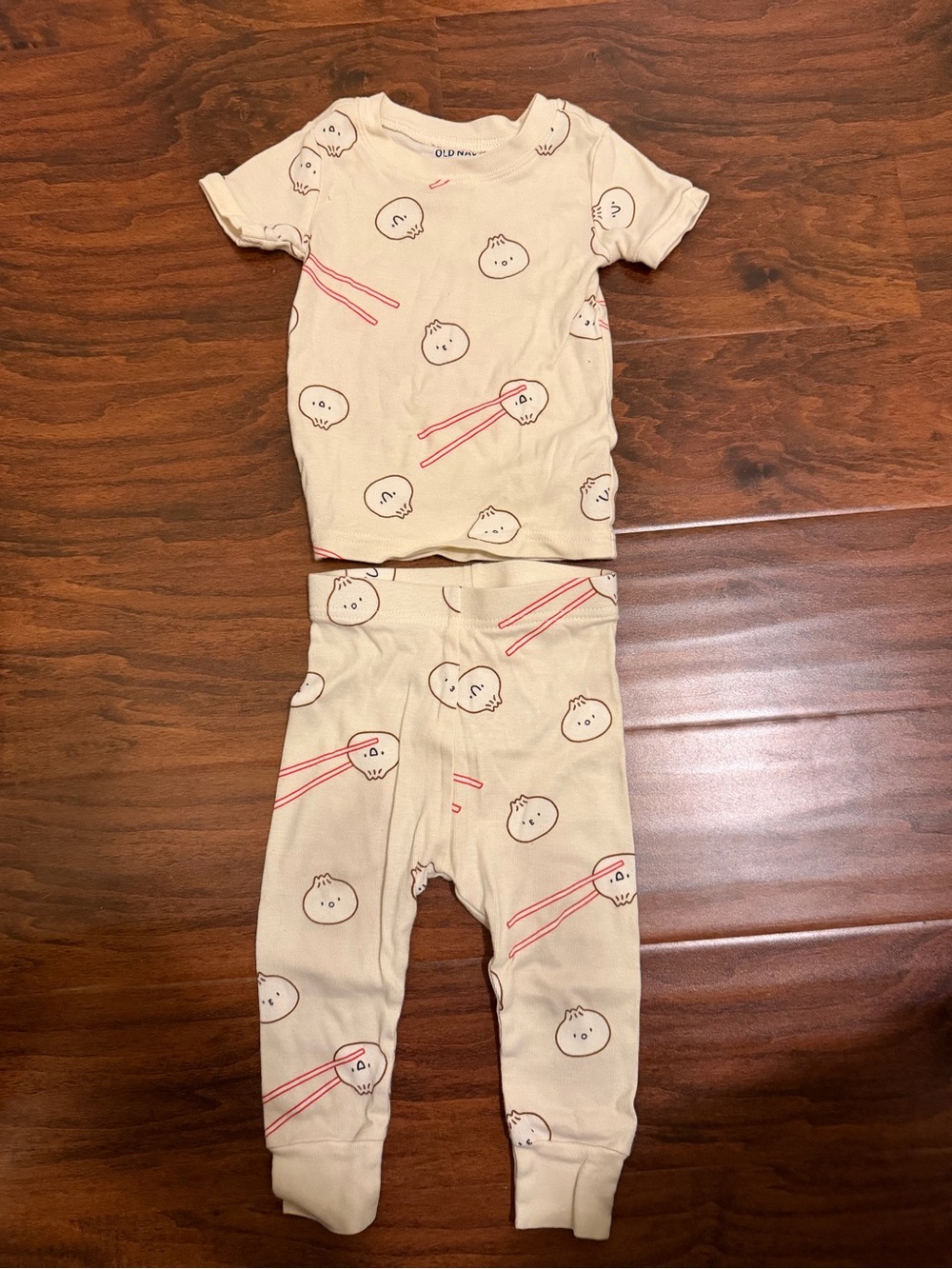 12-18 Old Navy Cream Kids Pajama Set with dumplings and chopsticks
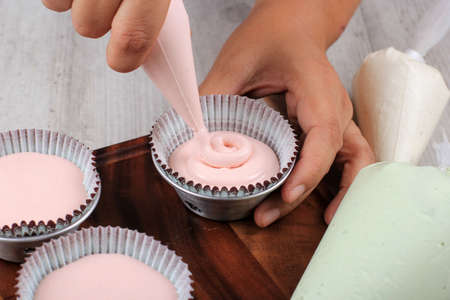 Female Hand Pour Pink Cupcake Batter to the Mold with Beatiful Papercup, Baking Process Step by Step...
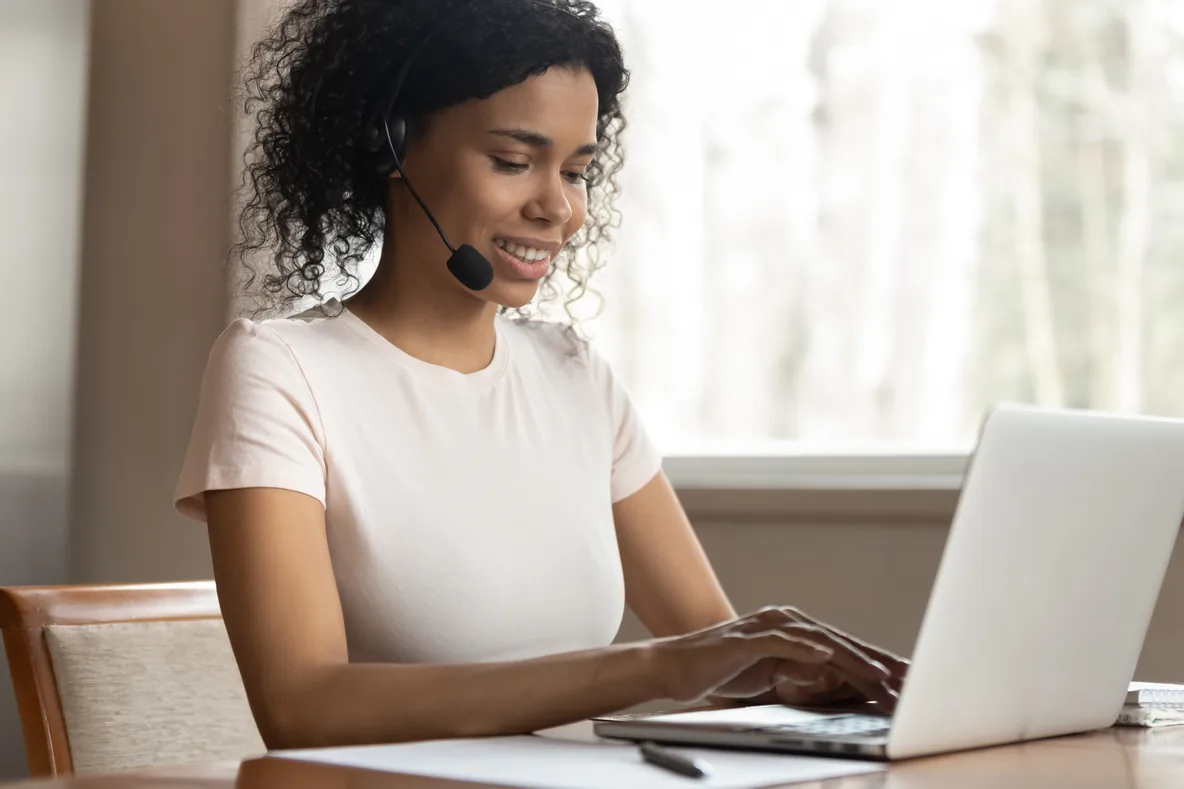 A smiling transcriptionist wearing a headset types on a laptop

^^^^

Retype the listing exactly. Leave out its pictures.

> OUTPUT FOR THIS EXERCISE
 12-18 Old Navy Cream Kids Pajama Set with dumplings and chopsticks
 Female Hand Pour Pink Cupcake Batter to the Mold with Beatiful Papercup, Baking Process Step by Step...
 A smiling transcriptionist wearing a headset types on a laptop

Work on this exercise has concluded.